[[ MATERIAL SUPPLIED, beginning ]]

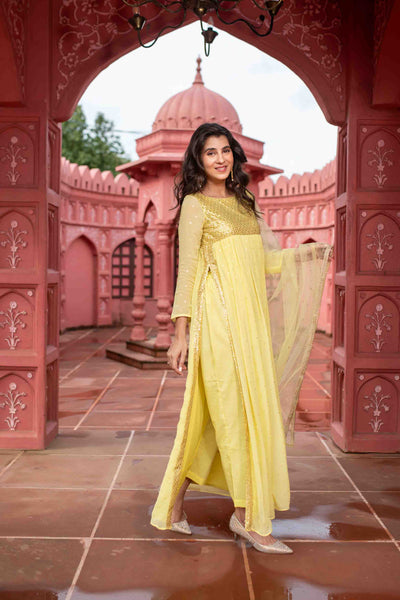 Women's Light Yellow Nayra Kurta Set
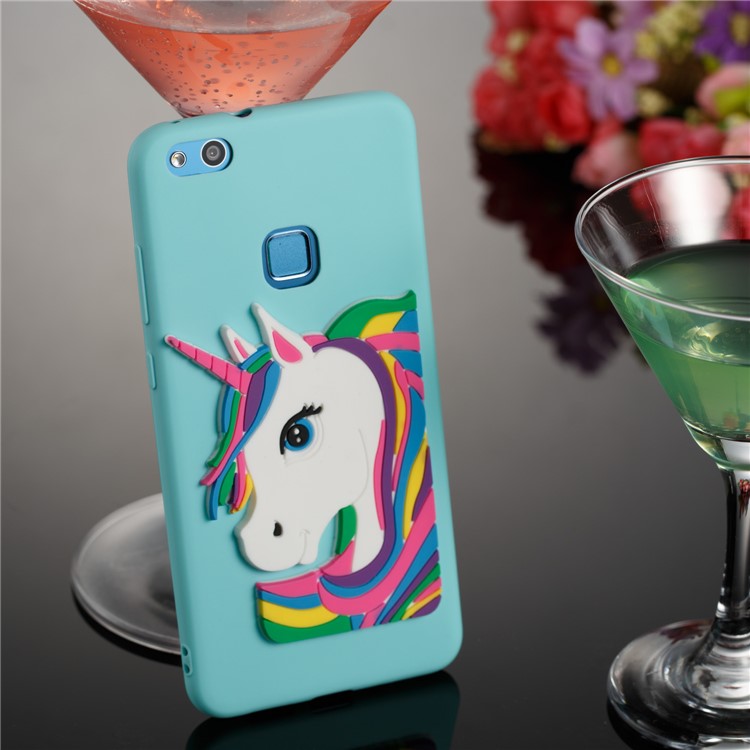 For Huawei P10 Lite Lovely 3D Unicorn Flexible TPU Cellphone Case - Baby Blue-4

[[ MATERIAL SUPPLIED, end ]]
[[ MATERIAL SUPPLIED, beginning ]]

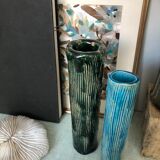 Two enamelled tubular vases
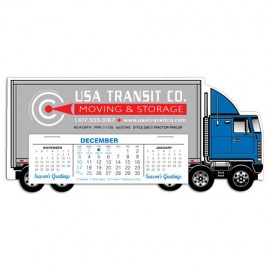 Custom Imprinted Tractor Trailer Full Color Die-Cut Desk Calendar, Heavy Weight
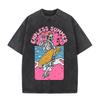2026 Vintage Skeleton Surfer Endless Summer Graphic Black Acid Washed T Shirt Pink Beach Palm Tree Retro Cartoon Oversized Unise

[[ MATERIAL SUPPLIED, end ]]
[[ MATERIAL SUPPLIED, beginning ]]

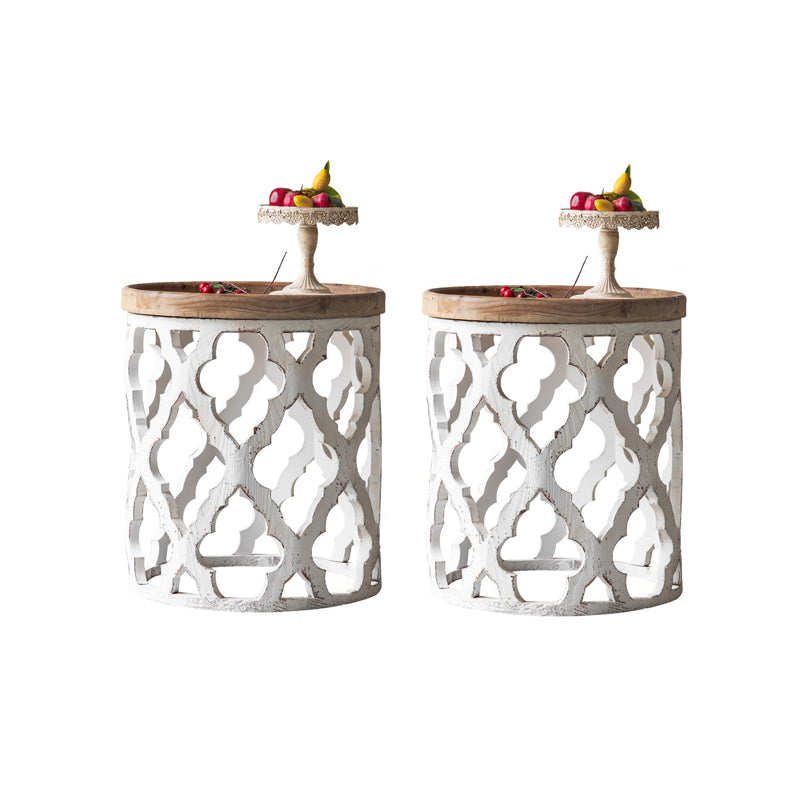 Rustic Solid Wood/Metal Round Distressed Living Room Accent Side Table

[[ MATERIAL SUPPLIED, end ]]

■ YOUR GOAL
Begin at the line in the entries above that has "Women's Light Yellow Nayra Kurta Set", stop after the line that has "For Huawei P10", and output exactly those lines without pictures.

■ OUTPUT OF THE TASK
 Women's Light Yellow Nayra Kurta Set
 For Huawei P10 Lite Lovely 3D Unicorn Flexible TPU Cellphone Case - Baby Blue-4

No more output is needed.